If you haven’t seen The Wicker Man—the ’73 original, sans Nicolas Cage—make it your business to do so on May 15. A remote Scottish island teems with sacrifice-happy pagans and wanton lust. That’s always a challenging combination, right? Virtually every folk horror film owes credit to its psychedelic influence. (PAM CUT’s Tomorrow Theater, 3530 SE Division, May 15-June 21, more info)

Also worth it:

Frederick Wiseman: 44 films in 6 days
NW Documentary, the Nyback Archive, and Spectrum Between join heads for the most ambitious and flat-out cool film marathon the city’s seen in ages. Celebrating the prolific output of documentarian Frederick Wiseman, the team brings round-the-clock screenings of his films to the Sunnyside Community Center. It’s free, but consider throwing a donation their way. Read the Mercury’s preview. (Sunnyside Community Center, through May 4, more info)

Clockwatchers 
In Jill Sprecher’s ’97 film, Toni Collette, Lisa Kudrow, and Parker Posey navigate an unfortunate truth: Work sucks and then you die. Clockwatchers reads a bit like Office Space, but it’s a little smarter, more pointed, and (obviously) more femme. You’re welcome. (Clinton Street Theater, May 1, more info)

Nights of Cabiria
Federico Fellini’s wife Giulietta Masina stars as the ultra-charming sex worker Cabiria in the director’s glittery drama Nights of Cabiria. It won an Oscar for Best Foreign Language Film in 1958 and serves as a glowy introduction to Fellini’s realist, yet sensuous world. (Cinema 21, May 16, more info)

Fancy Dance
Not to be confused with the 2023 film Fancy Dance, Masayuki Suô’s ’89 flick follows Yohei, a punk rocker with a half-shaved head who shaves the other half to enter monastic life and (hopefully) inherit his family’s temple. Predictably, monkhood is grueling and highly disciplined, and things complicate when Yohei’s girlfriend shows up. (Tomorrow Theater, May 17, more info)

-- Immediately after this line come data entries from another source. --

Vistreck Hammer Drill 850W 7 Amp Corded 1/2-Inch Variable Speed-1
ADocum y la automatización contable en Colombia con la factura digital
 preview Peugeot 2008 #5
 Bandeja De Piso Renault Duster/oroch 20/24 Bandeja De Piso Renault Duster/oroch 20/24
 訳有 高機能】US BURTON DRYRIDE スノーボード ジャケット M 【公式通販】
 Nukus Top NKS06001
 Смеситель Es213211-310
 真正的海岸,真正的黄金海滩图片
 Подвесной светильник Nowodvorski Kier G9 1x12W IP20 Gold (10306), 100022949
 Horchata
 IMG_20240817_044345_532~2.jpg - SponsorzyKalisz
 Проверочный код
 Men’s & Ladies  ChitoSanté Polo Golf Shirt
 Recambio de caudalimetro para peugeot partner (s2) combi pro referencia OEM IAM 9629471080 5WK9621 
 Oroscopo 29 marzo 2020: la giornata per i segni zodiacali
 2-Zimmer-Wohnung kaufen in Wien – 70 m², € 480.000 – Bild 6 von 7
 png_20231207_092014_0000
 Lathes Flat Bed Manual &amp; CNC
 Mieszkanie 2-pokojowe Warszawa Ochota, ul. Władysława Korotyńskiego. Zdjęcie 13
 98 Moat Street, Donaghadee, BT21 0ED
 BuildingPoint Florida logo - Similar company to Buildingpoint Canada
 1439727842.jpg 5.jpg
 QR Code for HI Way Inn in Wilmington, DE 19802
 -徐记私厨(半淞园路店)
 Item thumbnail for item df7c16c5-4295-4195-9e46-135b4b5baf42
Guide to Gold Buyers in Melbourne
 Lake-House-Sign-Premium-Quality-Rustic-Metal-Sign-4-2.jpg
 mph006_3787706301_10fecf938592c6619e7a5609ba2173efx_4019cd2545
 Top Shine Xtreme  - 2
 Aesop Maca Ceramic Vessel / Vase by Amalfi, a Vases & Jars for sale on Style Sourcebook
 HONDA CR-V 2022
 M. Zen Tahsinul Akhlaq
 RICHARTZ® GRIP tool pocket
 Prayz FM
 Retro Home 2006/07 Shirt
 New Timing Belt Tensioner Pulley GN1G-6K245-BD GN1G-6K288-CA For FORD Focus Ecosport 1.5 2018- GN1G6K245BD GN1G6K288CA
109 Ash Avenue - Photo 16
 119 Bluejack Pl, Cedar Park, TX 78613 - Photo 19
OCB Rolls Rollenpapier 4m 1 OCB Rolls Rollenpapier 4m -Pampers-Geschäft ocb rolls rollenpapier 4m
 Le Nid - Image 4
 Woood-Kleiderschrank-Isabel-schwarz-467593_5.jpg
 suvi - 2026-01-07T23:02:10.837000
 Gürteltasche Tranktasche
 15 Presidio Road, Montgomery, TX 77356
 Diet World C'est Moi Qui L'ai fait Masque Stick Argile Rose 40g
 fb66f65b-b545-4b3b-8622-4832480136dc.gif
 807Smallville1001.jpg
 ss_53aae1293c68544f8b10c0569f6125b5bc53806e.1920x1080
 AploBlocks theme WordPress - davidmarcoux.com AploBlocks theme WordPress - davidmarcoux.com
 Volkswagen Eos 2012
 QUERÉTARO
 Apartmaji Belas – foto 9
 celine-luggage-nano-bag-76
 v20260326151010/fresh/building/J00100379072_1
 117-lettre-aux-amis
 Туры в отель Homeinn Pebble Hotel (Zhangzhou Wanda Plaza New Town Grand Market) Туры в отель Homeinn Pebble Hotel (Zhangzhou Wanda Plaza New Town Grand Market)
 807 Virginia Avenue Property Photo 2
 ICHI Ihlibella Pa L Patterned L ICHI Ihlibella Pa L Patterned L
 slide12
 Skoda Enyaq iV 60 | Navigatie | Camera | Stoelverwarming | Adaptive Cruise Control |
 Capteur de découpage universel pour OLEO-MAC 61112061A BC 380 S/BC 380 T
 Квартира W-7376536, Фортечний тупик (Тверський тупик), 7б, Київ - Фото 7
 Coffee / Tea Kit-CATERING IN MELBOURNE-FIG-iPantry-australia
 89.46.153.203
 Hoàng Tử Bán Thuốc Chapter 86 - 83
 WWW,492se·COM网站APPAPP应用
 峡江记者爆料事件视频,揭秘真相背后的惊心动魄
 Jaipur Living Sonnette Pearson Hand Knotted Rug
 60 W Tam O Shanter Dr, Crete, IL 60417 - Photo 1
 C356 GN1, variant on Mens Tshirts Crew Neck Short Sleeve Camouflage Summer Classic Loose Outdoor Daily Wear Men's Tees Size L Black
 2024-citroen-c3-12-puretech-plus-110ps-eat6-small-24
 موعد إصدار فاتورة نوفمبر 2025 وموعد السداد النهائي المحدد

Woman in the Dunes in 35mm
Hiroshi Teshigahara, an avant-garde director and major player in the Japanese New Wave, traps an entomologist and a widow in a bleak village surrounded by sand dunes. This 35mm print of Woman in the Dunes (1964) promises to heighten the film’s shadowy, tactile effect. (Hollywood Theatre, May 21, more info)

Lindsay is the Portland Mercury's staff writer, covering all things arts and culture. Send arts tips and pictures of birds to lindsay@portlandmercury.com.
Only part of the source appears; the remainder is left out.